And at least he hadn’t found out Laurel was actually some master-assassin maybe out to kill his father after the other ones had failed, or something like that…

_“Pot roast. My favorite,” John acknowledged as she set it in the center of the table. When she expertly sharpened the knife she’d also brought out, however, he leapt to his feet again. “Allow me, sweetheart,” he insisted, wrapping his arms around her and taking a firm hold of the big knife. “You’ve been on your feet all day.”_

_“Thank you,” Jane nodded, taking off her cooking apron and heading into the kitchen even as he cut the meat._

_“Sure,” John nodded as he put the cuts of meat on each of their plates. “So how was work?”_

_“Actually, we had a little trouble with a commission.”_

_“Is that right?”_

_“Yeah,” Jane nodded. “Double booking with another firm.” She explained as he took his seat again and she picked another bowl up off the table and walked towards him with it._

_To which John could only grimace._

_“Green beans?”_

_“No, thank you,” John answered immediately._

_“You’ll have some,” his wife told him firmly, and put a big spoonful onto his plate._

_Her husband watched her walk back to her seat at the other head of the table. “Well, I hope everything works out okay.”_

_“It hasn’t yet,” Jane looked back at him as she finished. “But it will.”_

_John nodded and picked up his silverware to start on his steak. “Prime rib is my favorite,” he said again as he cut his first bite about at slowly as he possibly could. “Sweetheart, could you pass the…salt?” he blinked and then offered her a grin as he saw that they each had their own salt and pepper shakers in front of their settings now._

_Jane only smiled back._

_“Tried something new?” John asked her even as he finally put that first bite of steak in his mouth and started to chew on it._

_“Um-hum,” Jane nodded, still smiling as she started to eat her green beans, not her steak._

_And it was clearly scaring her husband, who could only just manage to swallow—or pretend to swallow?—the bite he’d just taken._

 

It was an act Tommy was positive he wouldn’t be able to manage.
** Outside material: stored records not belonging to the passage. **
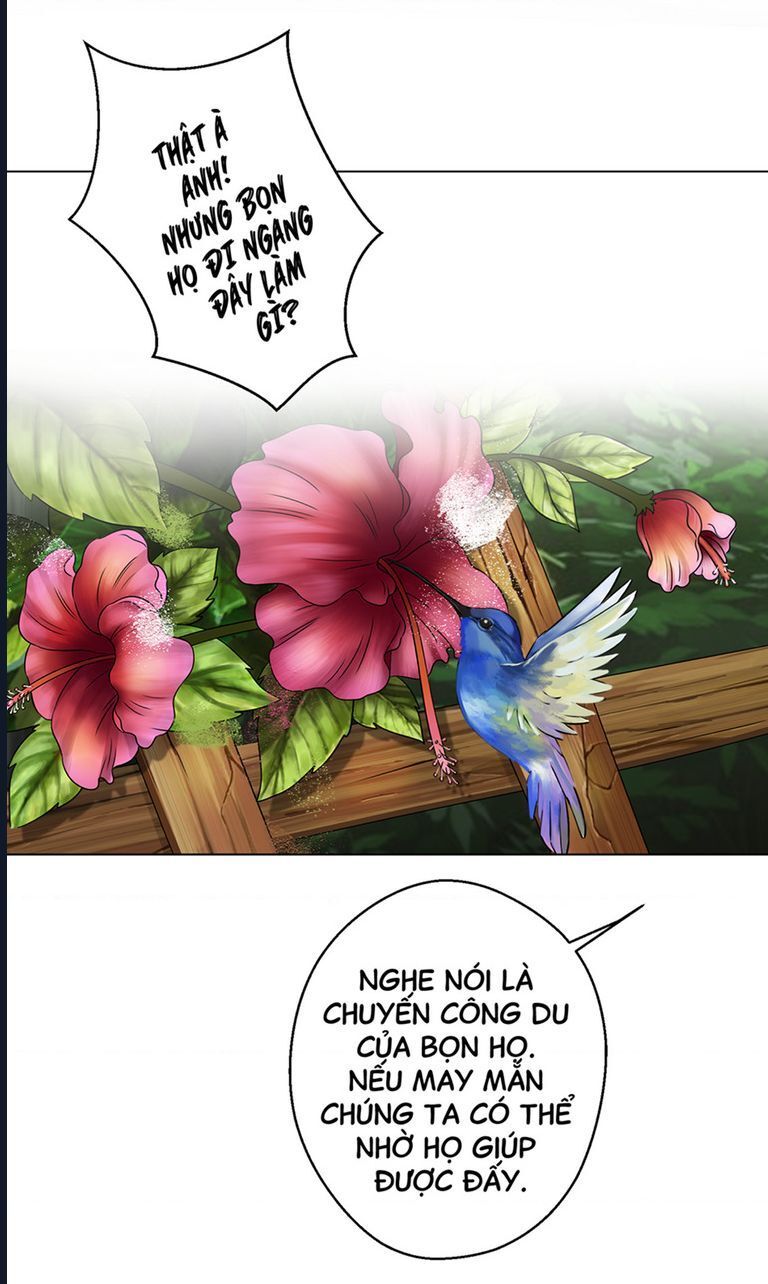 Kinhcomic Phù Thủy Kiến Tạo | Sự Trỗi Dậy Của Loài Pan Chapter 1 - Trang 2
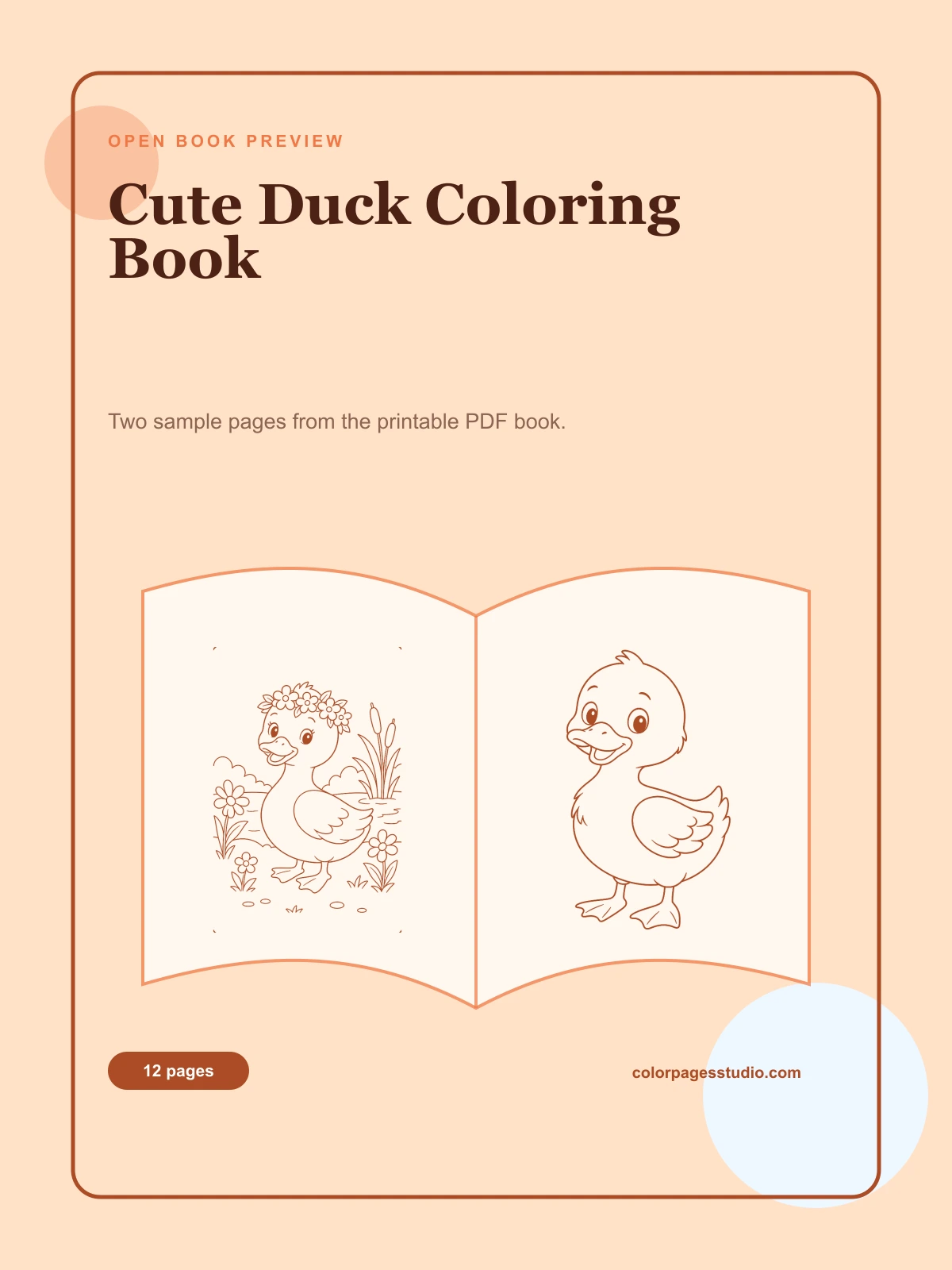 Cute Duck Coloring Book cover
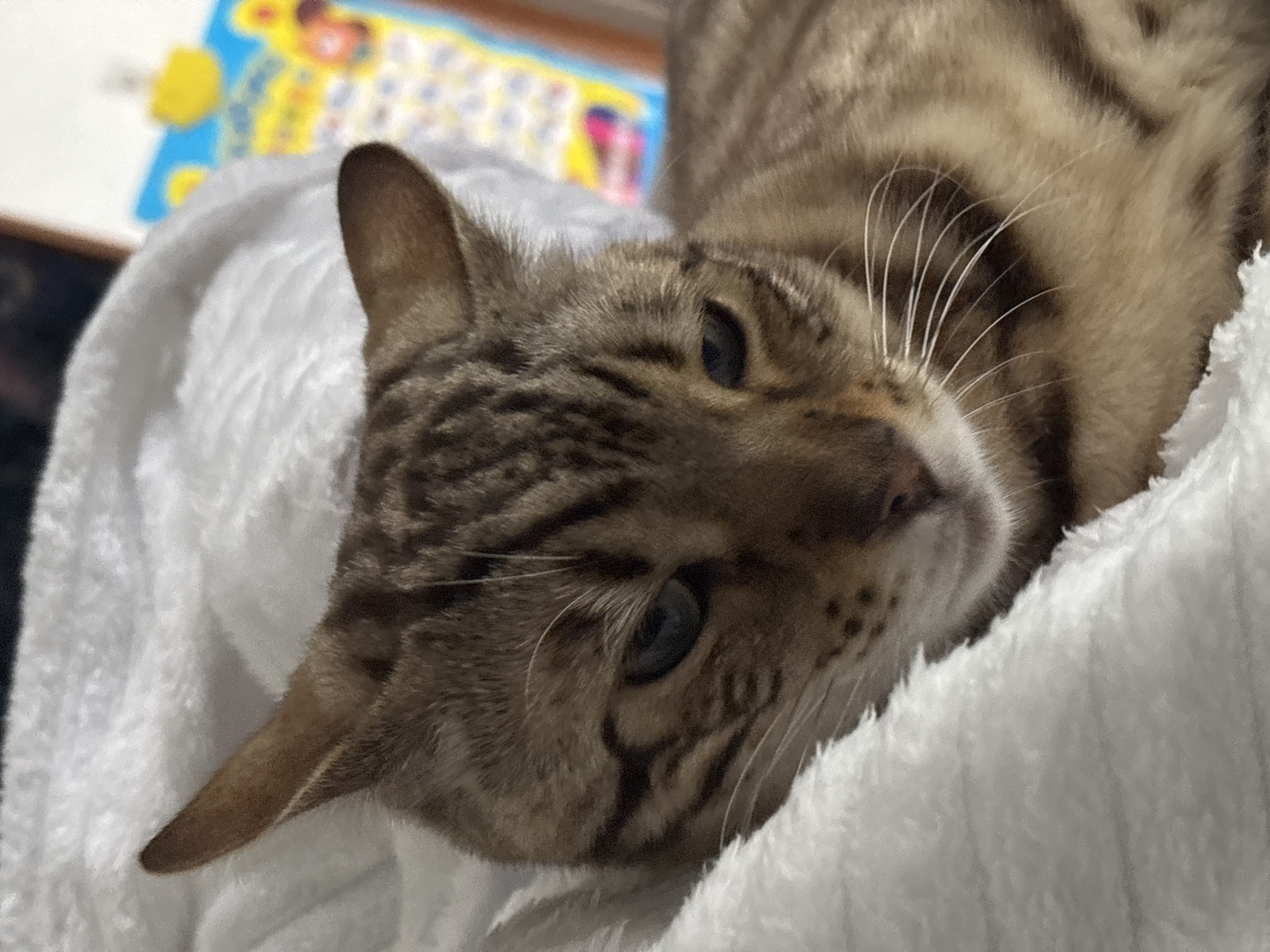 A close-up shot captures a Bengal cat nestled into a fluffy white blanket. The cat's fur is a mix of brown and gold with distinctive dark spots and stripes. Its gaze is directed slightly away from the camera, with one eye partially closed, suggesting a state of relaxation or drowsiness. The background is blurred, with hints of a colorful, patterned object that could be a toy or a decorative item. The lighting is soft, creating a warm and cozy atmosphere. This scene is taking place indoors, likely in a residential setting.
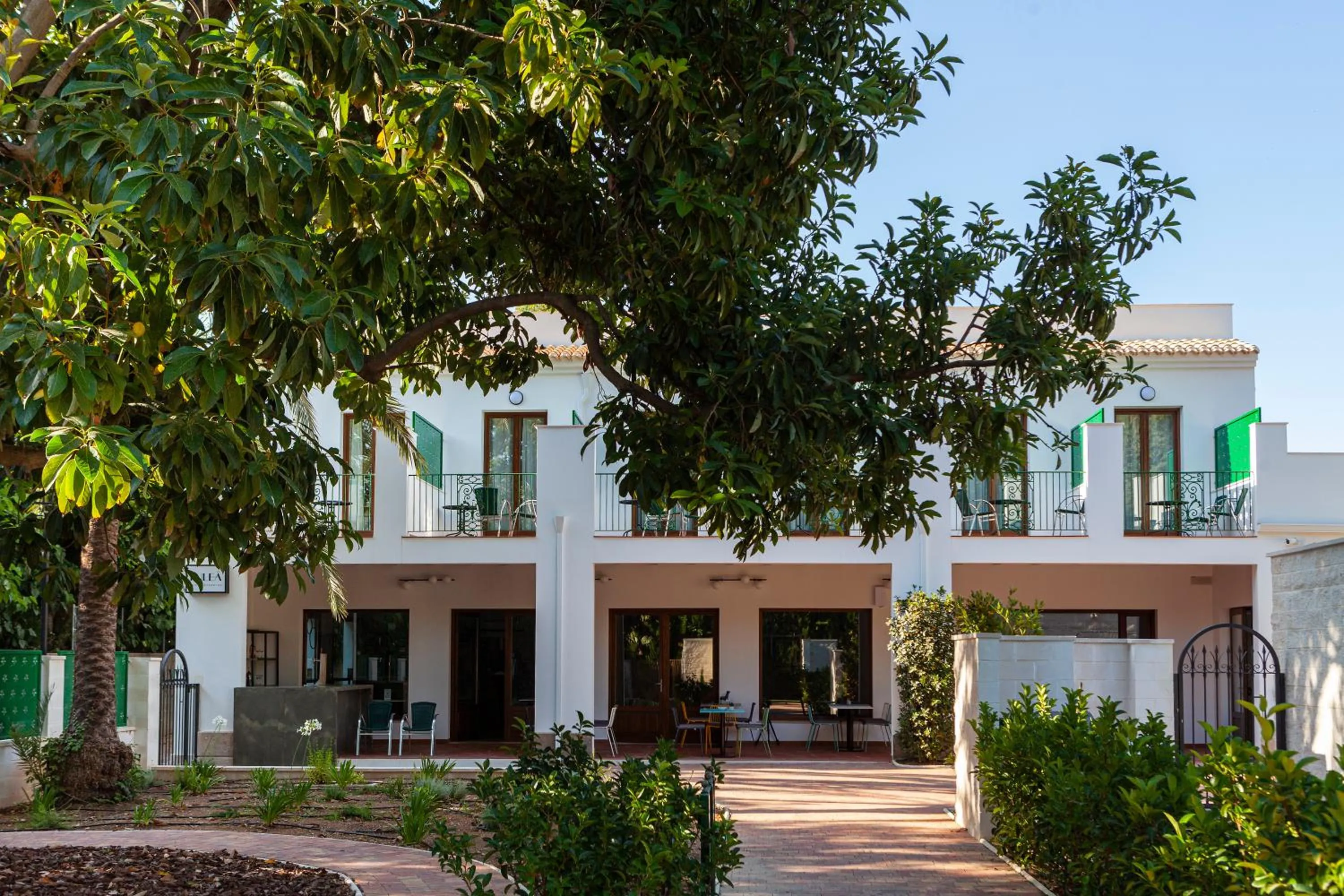 Garden in Ad Hoc Vitae Retreats & Health Only Adults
Actually he doubted he could’ve even made himself come all the way home… then again if it was Laurel and they’d been married for five or six years maybe he could.

 

Maybe.

 

_“How was Atlanta?” Jane asked then._

_“Had a few problems ourselves,” John told her just as honestly as he wiped his mouth and maybe spat out his bite of steak because whether it was his favorite dinner or not, he didn’t want it to be his last. “Some figures didn’t add up.”_

_“Big deal?” Jane asked as he got up and grabbed the already open bottle of wine to carry it to her end of the table._

_“Life or death,” John nodded, and then asked her, “Wine?”_

_She nodded, and he filled the glass in front of her, looking at her plate while he watched her._

_When he finished pouring the glass and leaned back, before he clearly deliberately dropped the bottle in her peripheral vision._

_Jane caught it._

_Then their eyes locked, both clearly startled with the realization that the other one knew the truth, too._

_After that second of realization, Jane dropped the bottle, letting the red wine spill out over their nice white carpet._

_And both assassins darted away from each other._

_“I’ve got it,” John insisted as he headed for the nearest doorway._

_“I’ll get a towel,” Jane said as she hurried across the room and into the kitchen._

 

“Now, really, that’s just a waste of red wine,” Felicity opined with a pout that Tommy had to laugh at despite all the dramatic tension radiating from the television screen.

 

“Yes, it is,” Laurel agreed with an amused snort of her own.

 

“Why is her catching the wine’s supposed to be a big deal?” Tommy wondered, shaking his head. “I mean, why would he even test her that way?”

 

“It’s probably supposed to show she has killer reflexes, something like that,” Felicity shrugged. “And they couldn’t really just keep dragging the dinner out like that, could they?”

 

“Still doesn’t make sense,” Tommy complained.

 

“Neither does John going straight for his gun,” Laurel pointed out as they watched the now armed man notice his wife was leaving.

 

“No,” Felicity agreed, “Jane jumping in her car makes more sense.”

 

Tommy couldn’t disagree with that, and Oliver seemed to be staying stubbornly silent right now, though it looked like his arm had gotten a little tighter around Felicity but since she wasn’t saying anything he couldn’t really be sure…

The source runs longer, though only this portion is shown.